Mahkemece; tarafların ekonomik ve sosyal durumları göz önünde bulundurularak kişisel harcamaları ve 743 sayılı TKM’nin 152. maddesine göre davacı kocanın aileyi geçindirme yükümlülüğü göz önünde bulundurularak taşınmazın edinme tarihi itibarıyla tarafların yapabilecekleri tasarruf miktarı hesaplandıktan sonra katkı oranlarının belirlenmesi, bundan sonra tespit edilmiş olan oranın taşınmazın belirlenmiş olan dava tarihindeki değeri ile çarpılarak davacının katkı payı alacağının saptanması, ondan sonra esas hakkında karar verilmesi gerekmektedir.

DAVA : U. T. T. ile F. S. T. ( O. ) aralarındaki tapu iptali ve tescil, katkı payı alacağı ile katılma alacağı davasının kısmen kabulüne ve kısmen reddine dair Ankara 2. Aile Mahkemesi’nden verilen 10.12.2014 gün ve 696/1586 sayılı hükmün duruşma yapılması suretiyle Yargıtay’ca incelenmesi davacı vekili tarafından istenilmiştir. Dosya incelenerek işin duruşmaya tabi olduğu anlaşılmış ve duruşma için 16.06.2015 Salı günü tayin edilerek taraflara çağrı kağıdı gönderilmişti. Duruşma günü temyiz eden davacı vekili ve karşı taraftan davalı vekili geldiler. Duruşmaya başlanarak temyiz isteğinin süresi içinde olduğu anlaşıldıktan ve hazır bulunanların sözlü açıklaması dinlendikten sonra duruşmaya son verilerek; dosya incelendi, gereği düşünüldü:

KARAR : Davacı vekili dava ve düzeltme dilekçesinde, tarafların 1977 yılında evlendiklerini, evlilik birliği içerisinde sahip olunan 3 adet taşınmaz ile 1 adet araç bedelinin vekil edeni tarafından ödenerek davalı adına tescil edildiğini açıklayarak fazlaya ilişkin haklar saklı kalmak üzere taşınmazlar ve araç üzerinden toplam 80.000 TL’nin yasal faiziyle birlikte davalıdan alınmasına karar verilmesini istemiş, yargılama sırasında Haymana’da bulunan taşınmaz hakkındaki davayı atiye terk ettiklerini bildirmiştir.

Davalı vekili, davanın yersiz açıldığını, taşınmazlar ve aracın vekil edenin kişisel malı olduğunu, davacının katkısı bulunmadığını açıklayarak, davanın reddine karar verilmesini savunmuştur.
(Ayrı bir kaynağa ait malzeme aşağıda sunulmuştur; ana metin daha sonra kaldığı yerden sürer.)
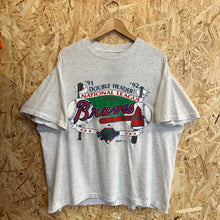 Cargar imagen en el visor de la galería, Camiseta Atlanta Braves 1992 Trench Vintage - M/L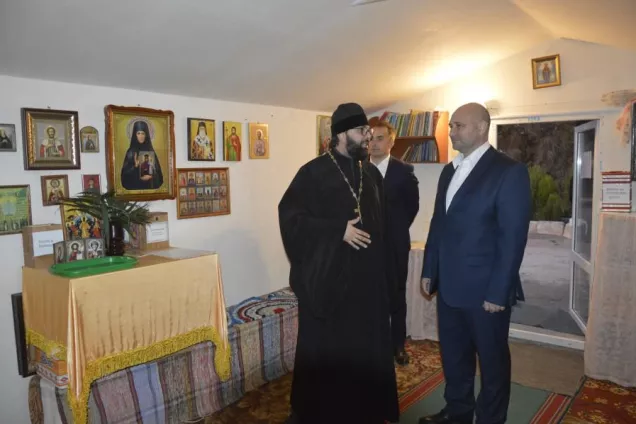 Владимир Немцев посетил место будущего Мемориального сквера во имя святого апостола Филиппа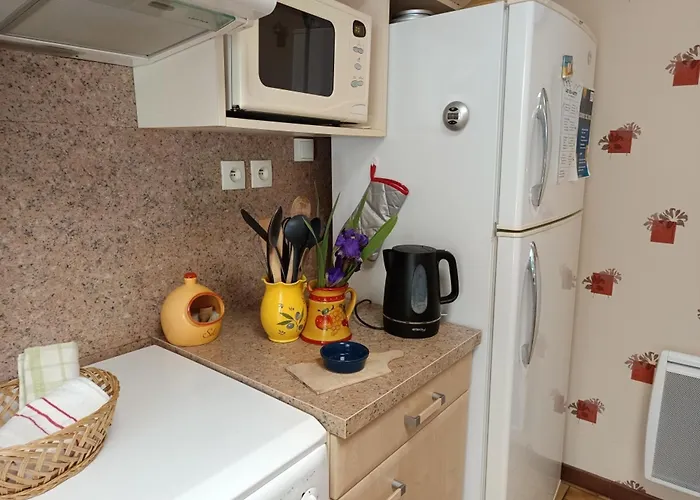 Hébergement de vacances Maison De à - 6 Personnes - Animaux Admis - Fr-1-540-169 *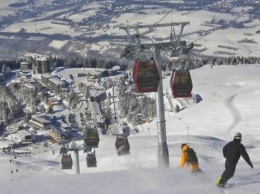 150 туристов были спасены из сломавшегося подъемника на курорте в Альпах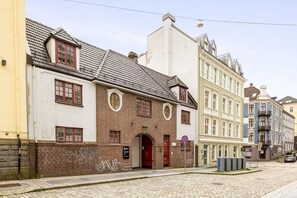 A street with historic buildings, cobblestone pavement, and a no parking sign. - Explore Bergen | 24/7 Self check-in | 500m Torget (Bergen)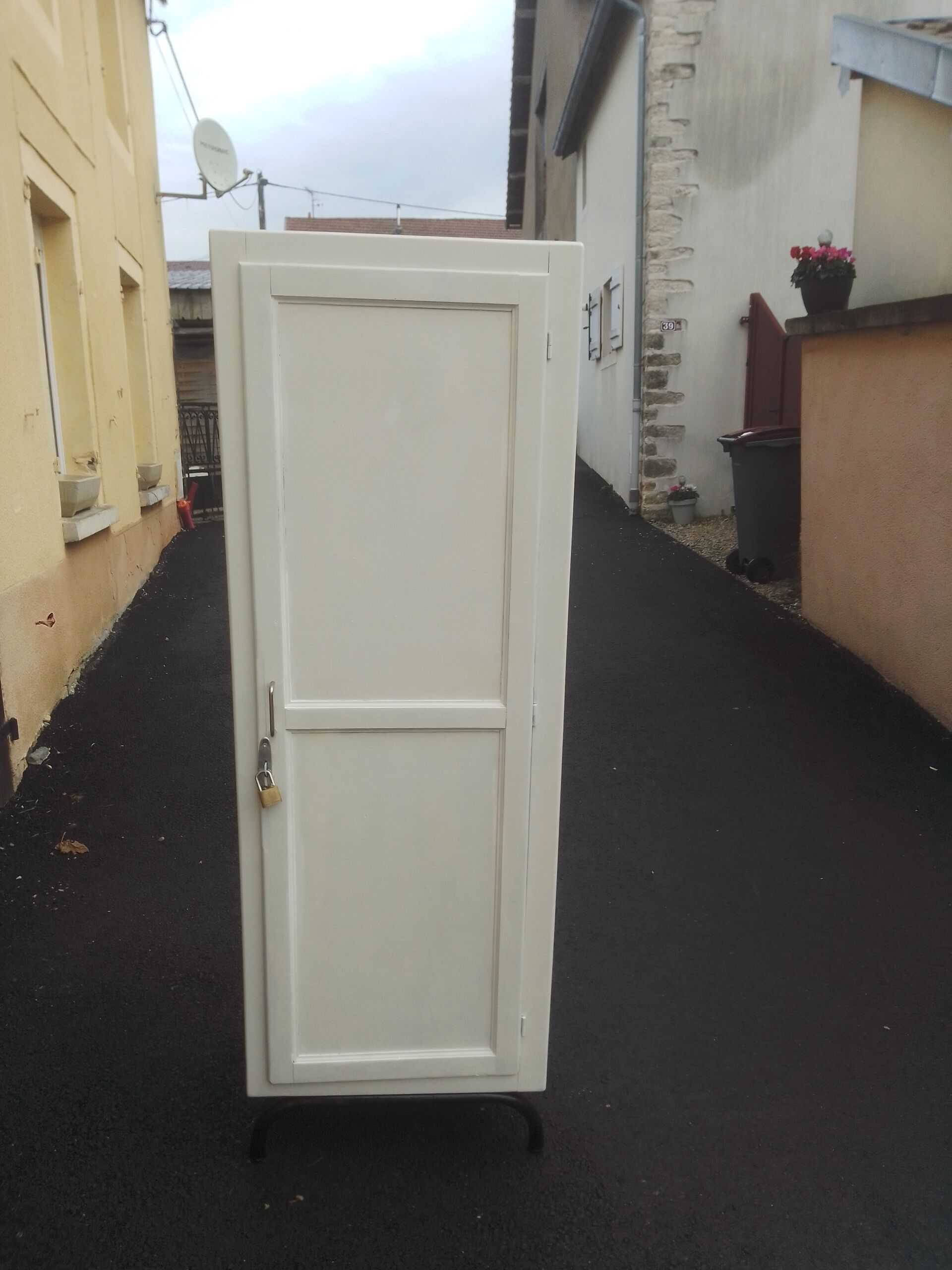 Cupboard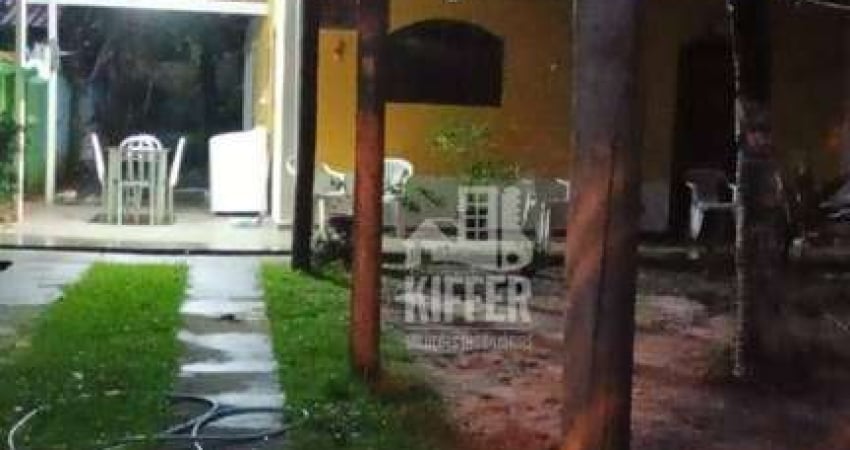 Casa com 2 dormitórios à venda, 100 m² por R$ 270.000,01 - Bambuí - Maricá/RJ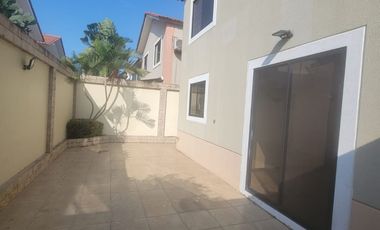 En alquiler amplia casa de tres dormitorios en Ciudad Celeste, Nuevo Samborondon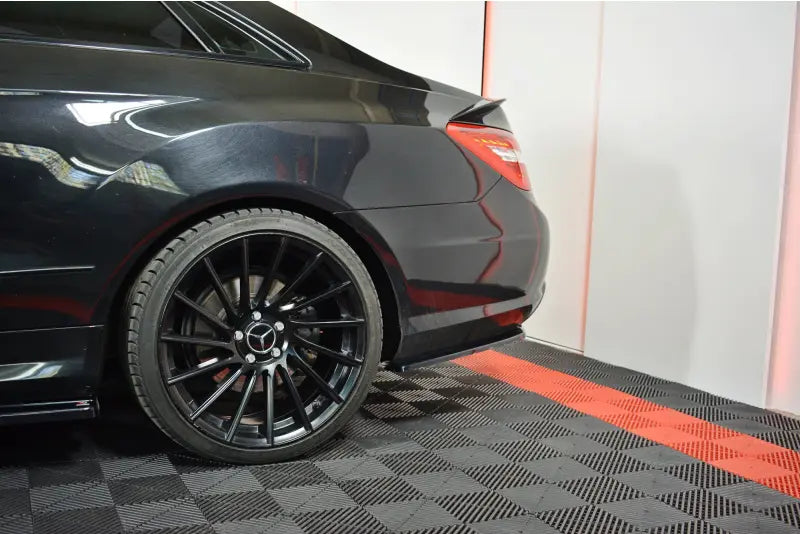 Maxton Design Diffusor Flaps für Mercedes E-Klasse W207 / C207 Coupe AMG-Line Hochglanz schwarz – Ansicht 2
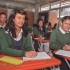 Estudiantes de colegio distrital en clase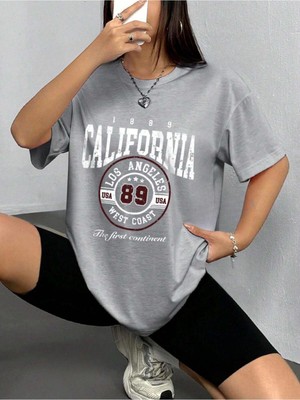 Fabberje Göğüs California Baskılı Oversize Salaş Kadın T-Shirt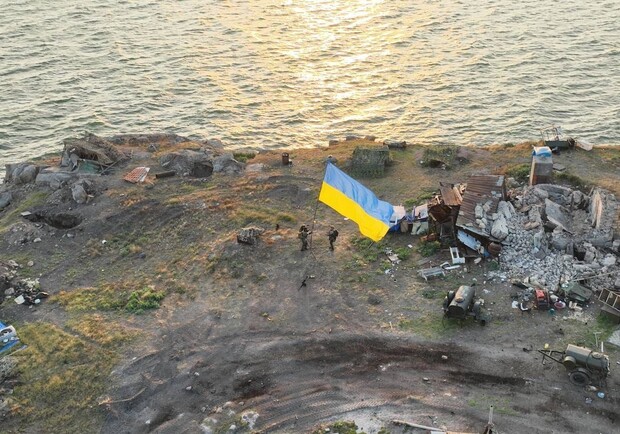 Армія РФ знову атакувала острів Зміїний Одеської області авіабомбами.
Mahkemece, davanın kısmen kabulüne, 4 nolu bağımsız bölüm nedeniyle 1.135,12 TL katkı payı alacağının dava tarihinden, araç üzerinden belirlenen 10.000 TL katılma alacağının karar tarihinden geçerli yasal faiziyle birlikte davalıdan alınmasına, atiye terk edilen taşınmaz hakkında karar verilmesine yer olmadığına, Didim Yapı Koop. hakkındaki davanın usulden reddine karar verilmesi üzerine; hüküm, davacı vekili tarafından ayrı temyiz edilmiştir.

Taraflar, 16.12.1977 tarihinde evlenmişler, 05.07.2007 tarihinde açılan boşanma davasına ilişkin hükmün 21.04.2011 tarihinde kesinleşmesiyle boşanmışlardır. Eşler arasında başka mal rejimi seçilmediğinden 01.01.2002 tarihine kadar 743 sayılı TKM’nun 170. maddesi uyarınca mal ayrılığı, bu tarihten mal rejiminin sona erdiği tarihe kadar ( TMK.nun 225/2. m ) yasal mal rejimi olan edinilmiş mallara katılma rejimi geçerlidir ( TMK.nun 202.m ). Dava konusu 4 nolu bölüm, 24.08.1994 tarihinde satış yoluyla davalı adına tescil edilmiş, 06 AN 0039 plakalı araç ise 03.11.2004 tarihinde satın alınmıştır.

Dava; 743 sayılı TKM’nun 170. maddesi uyarınca katkı payı alacağı ve 4721 sayılı TMK’nun 202 vd. maddeleri uyarınca katılma alacağı isteğine ilişkindir.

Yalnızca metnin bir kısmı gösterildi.